Nothing like rubbing a little lightning on your geography to create a rash of spot fires during this hot summer weather spell.
A burst of lightning Wednesday morning sparked 26 new fires in the Southeast Fire Centre region in the last week, but the majority of them were spot fires, said fire information officer Karlie Shaughnessy.
A spot fire can be as small as one tree or up to one metre square, she said, but the centre still responds considering the tinder dry conditions building in the backcountry.
“A lot of the fires are spot fires right now but our crews go out and put them out right away,” she said.
The closest fires to the Greater Trail region were a pair of lightning caused spot fires near Salmo—on Dodge Creek Forest Service Road and on Baird Creek—but one is considered extinguished while the municipal fire department in Salmo handled the other.
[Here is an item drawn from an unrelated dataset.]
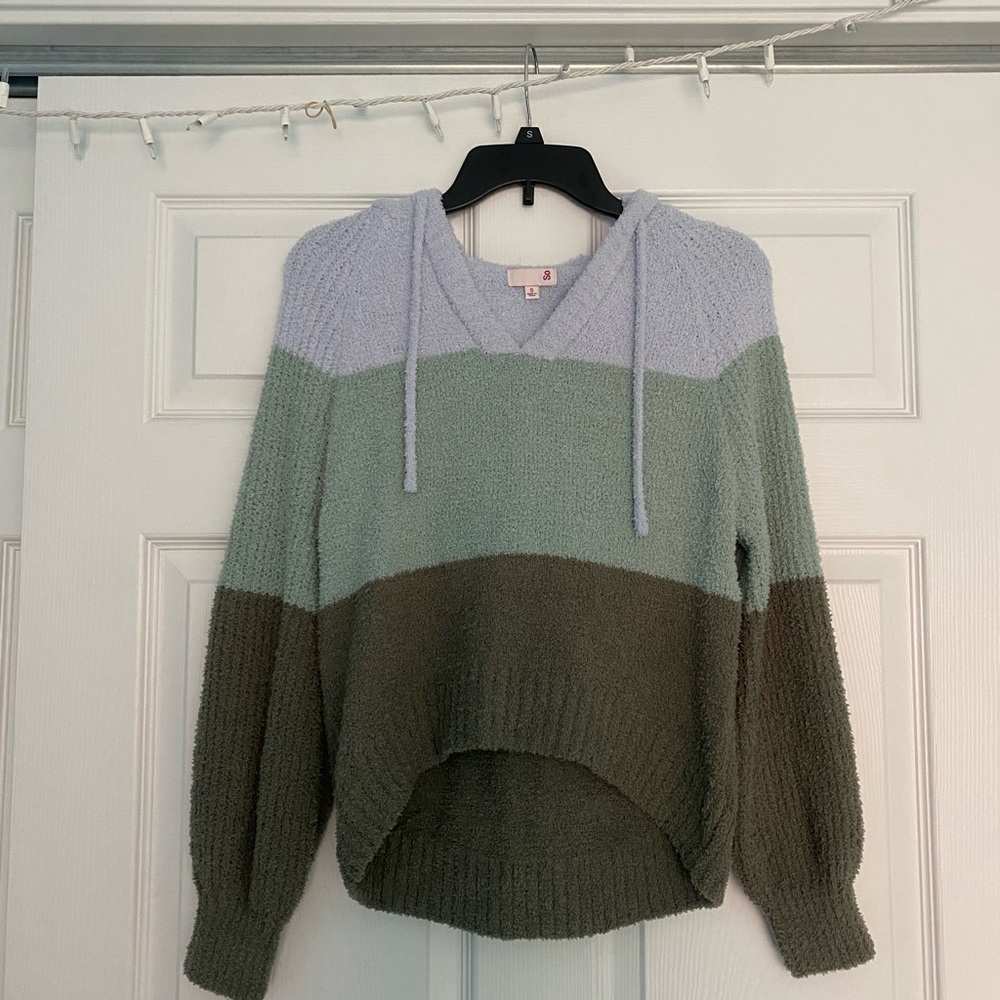 Colorblock Hooded V-neck Fuzzy Sweater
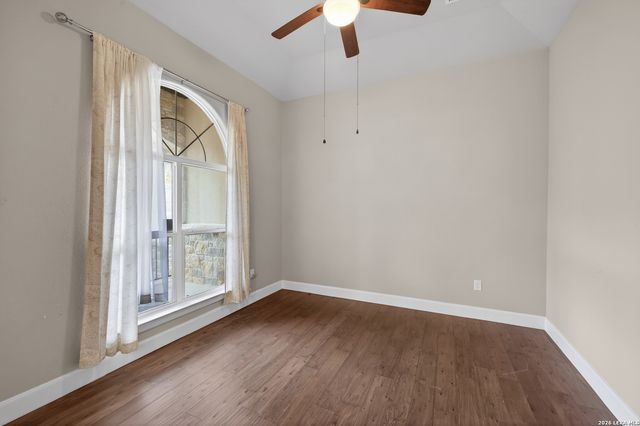 219 Winding View, New Braunfels, TX 78132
Currently there is only one active fire larger than 10 hectares in the entire region. The lightning caused Skimmerhorn fire, located 18 kilometres southeast of Creston, is the region’s biggest blaze at 25 ha.
Using 34 firefighters and four helicopters, the fire is located in difficult, steep terrain. Shaughnessy said this was not an interface fire.
“No communities or structures are threatened, however, the fire is highly visible to surrounding communities,” she said.
There have only been three other fires this year in the Southeast Fire Centre region bigger than 10 ha., including three fires now doused: Oxbow Birdstone pasture (75 ha.); Dutch Creek (53.3 ha.); and Brown Creek (14.5 ha.).
The Southeast has been relatively unscathed this year by fire, having the second lowest total fires to date of 68 (northwest was 61). Kamloops has the most with 247. However, the Southeast has had 197 ha. burned to date, fourth highest out of the six provincial fire centres but far behind Prince George’s 18,169 ha. for the most hectares burned.
Lightning is in the forecast for evenings for the rest of the week, said Shaughnessy, so the spot fire reaction could continue for a few more days.